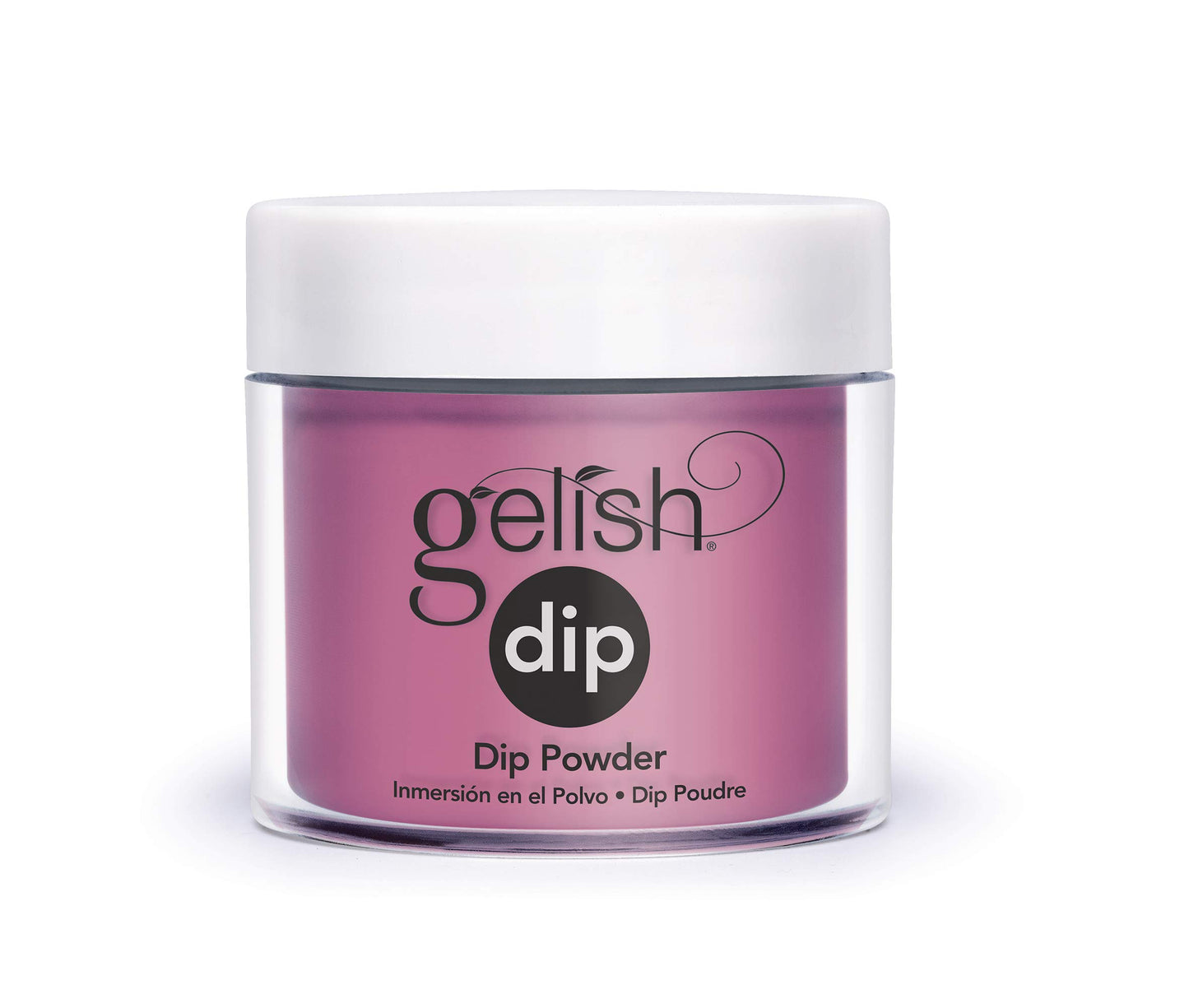 Gelish Going Vogue Dip Powder, Pink Nail Dip Powder, Vibrant Color, Professional Quality, High Shine, Chip-Resistant, 0.8 ounce.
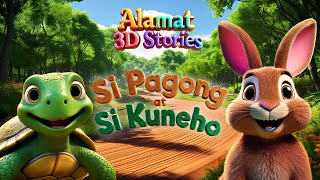SI PAGONG AT SI KUNEHO | Classic Filipino Story for Kids | Alamat 3D Stories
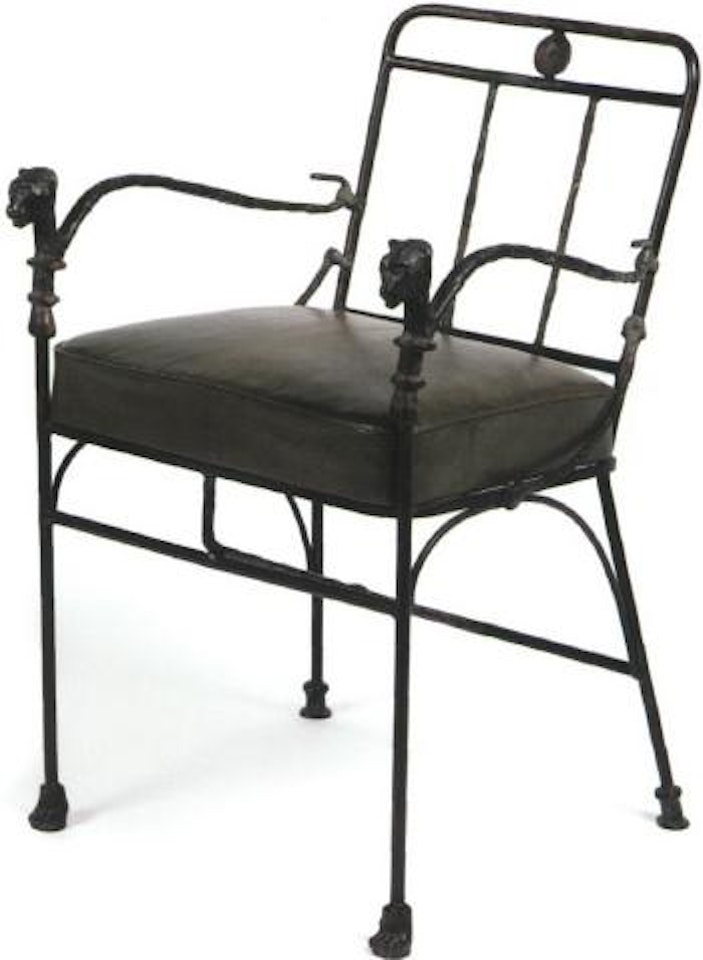 Chair by Diego Giacometti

● **GOAL OF THE EXERCISE**
Set the listing above down again exactly, leaving pictures out.

● **ANSWER BELOW**
 Gelish Going Vogue Dip Powder, Pink Nail Dip Powder, Vibrant Color, Professional Quality, High Shine, Chip-Resistant, 0.8 ounce.
SI PAGONG AT SI KUNEHO | Classic Filipino Story for Kids | Alamat 3D Stories
 Chair by Diego Giacometti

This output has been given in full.